Data records:
-- Opening Marker --
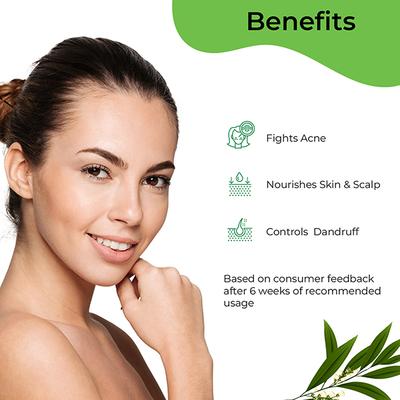 Pilgrim Tea Tree Essential Oil 10 ml - Essential Oils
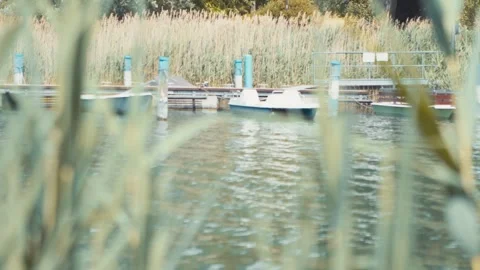 View of a small lake dock behind a thicket of reeds, focus pull Stock Footage 276096610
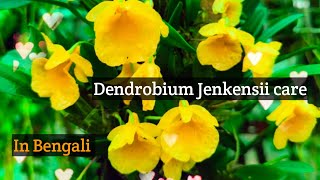 Dendrobium Jenkinsii care in Bengali!#orchid#gardening #dendrobium #speciesorchid @SandipOrchid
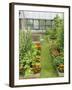 Summer Garden with Mixed Vegetables and Flowers Growing in Raised Beds with Marigolds, Norfolk, UK-Gary Smith-Framed Photographic Print
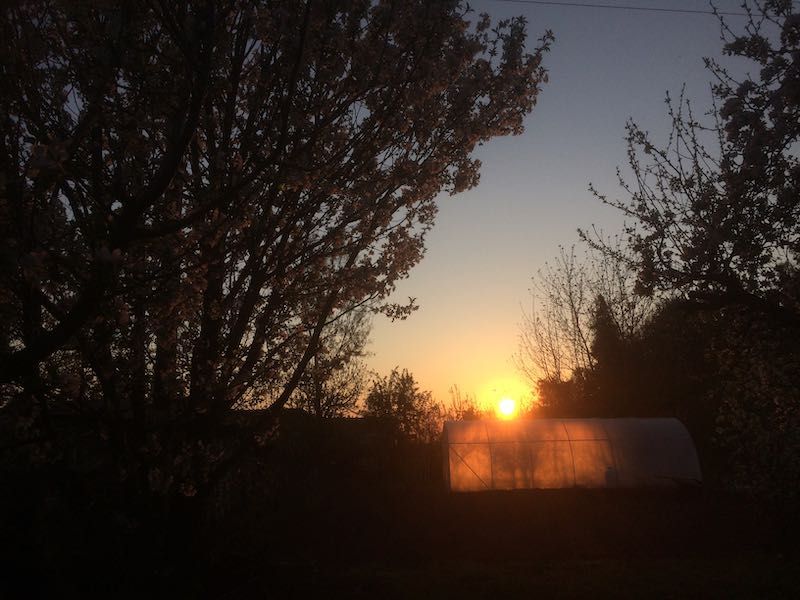 Coronavirüs Günlüğü 05: Yasaklar ve Tohumlar | Yolda Kal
-- Closing Marker --
### Work instruction
What is needed is an exact copy of the entries, without any images.

### Solution to this problem
 Pilgrim Tea Tree Essential Oil 10 ml - Essential Oils
 View of a small lake dock behind a thicket of reeds, focus pull Stock Footage 276096610
 Dendrobium Jenkinsii care in Bengali!#orchid#gardening #dendrobium #speciesorchid @SandipOrchid
 Summer Garden with Mixed Vegetables and Flowers Growing in Raised Beds with Marigolds, Norfolk, UK-Gary Smith-Framed Photographic Print
 Coronavirüs Günlüğü 05: Yasaklar ve Tohumlar | Yolda Kal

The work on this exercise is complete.